The US administration has not yet formulated a clear foreign policy strategy largely because President Donald Trump’s team has not been finalized, the director of the Russian Academy of Sciences’ Institute of US and Canada Studies, Valery Garbuzov, told in an interview, when asked about the results of US Secretary of State Rex Tillerson’s visit to Moscow and his talks with Russian Foreign Minister Sergey Lavrov.
“What makes US President Donald Trump’s Administration so special is that conceptually the understanding of the domestic policy has taken shape, while utter chaos remains in the realm of foreign policy,” Garbuzov said. “What makes the chaos still worse is that the presidential team, in particular, that of the Department of State, has not been finalized yet.”
“With the advent of Donald Trump some senior functionaries quit the Department of State. Many positions are still vacant,” he recalled. “One can say that in the current situation Tillerson is a general without an army. The US administration lacks the fundamental understanding of how to go about the business of building foreign relations and with whom.”

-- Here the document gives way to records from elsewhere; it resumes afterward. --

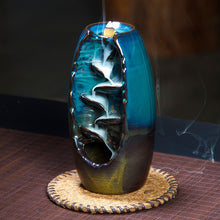 Load image into Gallery viewer, Roadcraft Tower Backflow Incense Burner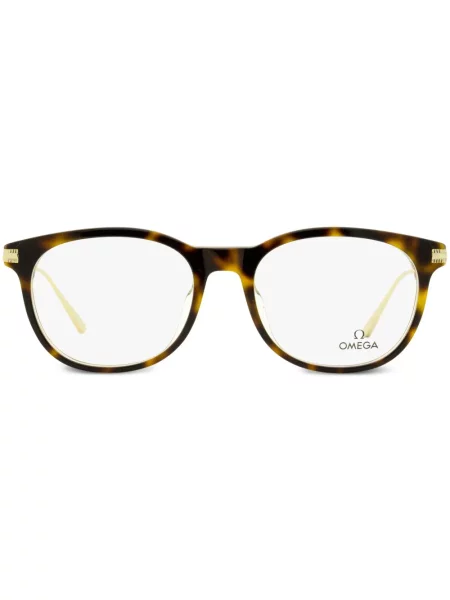 Ochelari de soare Omega Eyewear maro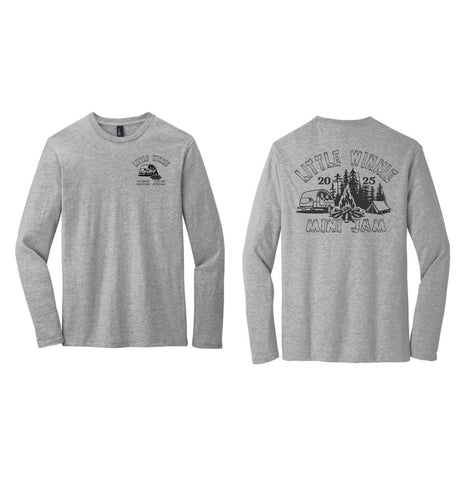 Little Winnie Long Sleeve -- Cotton or Performance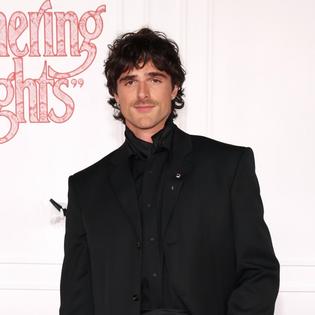 Bang Showbiz / Jacob Elordi suffered a nasty injury in between filming for Wuthering Heights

“Tillerson’s visit to Moscow was his first in the capacity of chief of US diplomacy. This is what it will be remembered for first and foremost,” Garbuzov said. “As for some major results of the visit, not a single expert of authority had expected the two sides would be able to forge a specific agreement on some crucial problem, including Syria, North Korea and Ukraine.”
Garbuzov believes the purpose of Tillerson’s visit was “to let either side – the US one in its new capacity and composition – to speak one’s mind regarding all those problems that had emerged before Tillerson took over to become a matter of discord between the two countries.” “This is precisely what they have done now,” Garbuzov said. “Both parties have retained their vision of these issues.”
“The agreement to create a working group for the normalization of relations was another result,” Garbuzov said. “Amid the complete dismantling of Russian-US relations this looks like progress.”
“It remains to be seen who will be invited into this group and how it will be functioning. However, the very fundamental agreement is a tangible result. Everything will now depend on how seriously both countries approach the creation of this working group and its activities,” Garbuzov said.
He is certain that the group must work fast.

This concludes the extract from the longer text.